Reaching Thaba Mahe, the driver positioned his kombi for the return trip and helped Thabo outside. As there were no new passengers waiting he suggested the two sit on a grassy bank and offered the old man a cigarette.

“I’m sorry about all that,” he said. “But you were acting against our regulations.” “I am sorry, too,” replied Thabo. “Because you seem to be a kind young fellow.” Then he gazed at the crystalline sky, watching a snow-white egret land next to the cow who would provide its lunch.

The driver, whose name was Tšepo, couldn’t help notice how much Thabo had enjoyed his cigarette and so offered him another. He also noticed the old man was staring back up the road, a tear in his eye.

“I’m sure your dog will catch up with us,” he said. “He is my best friend,” Thabo replied. “Me, I keep tropical fish.” Thabo produced a baffled smile and Tšepo asked him “what’s your dog’s name?” “Bananas.”

Tšepo blinked twice and asked “why ever did you call him that?” “Because I like bananas.” “Well,” said Tšepo. “My wife and I like football. Very much. We could have called our daughter Penalty. But we decided on Puleng.”
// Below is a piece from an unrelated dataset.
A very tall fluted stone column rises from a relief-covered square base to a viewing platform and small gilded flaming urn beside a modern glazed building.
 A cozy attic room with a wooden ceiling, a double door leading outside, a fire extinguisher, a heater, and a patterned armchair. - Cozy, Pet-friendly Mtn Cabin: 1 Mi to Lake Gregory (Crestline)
A minute or two passed. Then Thabo suddenly sat bolt upright. A moment later Tšepo noticed Bananas, racing down the road towards them, his tail swishing from side to side. “You see,” he said. “A faithful dog. And a clever one. Look what he’s brought you!”

Bananas reached them and placed his front paws on Thabo’s knees. As he did so he dropped from his jaws his trophy from the little truck—a short length of narrow brown plastic pipe.